### EXERCISE:
Retype nothing except the lines below from the one with "WHITNEYVILLE ARMORY CT" through the one with "PetSafe Remote Trainer", exactly, with images left out.

### RECORDS SUPPLIED:
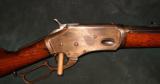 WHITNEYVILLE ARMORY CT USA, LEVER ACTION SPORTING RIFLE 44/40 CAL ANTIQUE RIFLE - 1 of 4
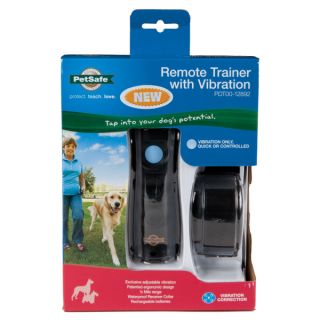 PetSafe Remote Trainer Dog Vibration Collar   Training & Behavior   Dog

* * *

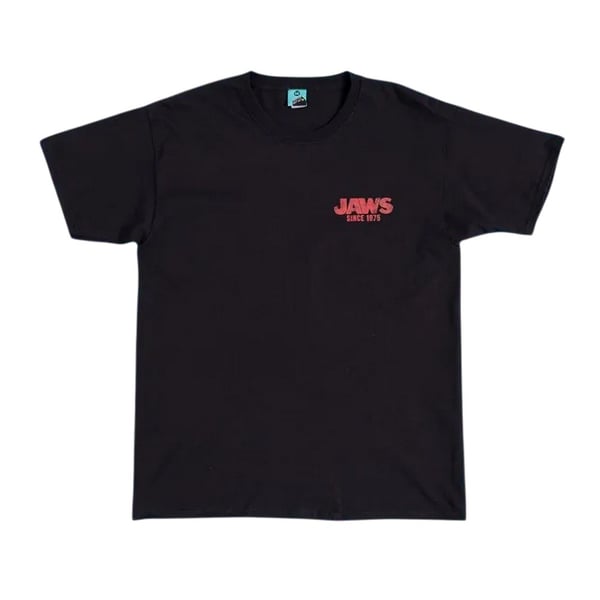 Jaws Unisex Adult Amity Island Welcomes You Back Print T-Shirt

### ANSWER:
 WHITNEYVILLE ARMORY CT USA, LEVER ACTION SPORTING RIFLE 44/40 CAL ANTIQUE RIFLE - 1 of 4
 PetSafe Remote Trainer Dog Vibration Collar   Training & Behavior   Dog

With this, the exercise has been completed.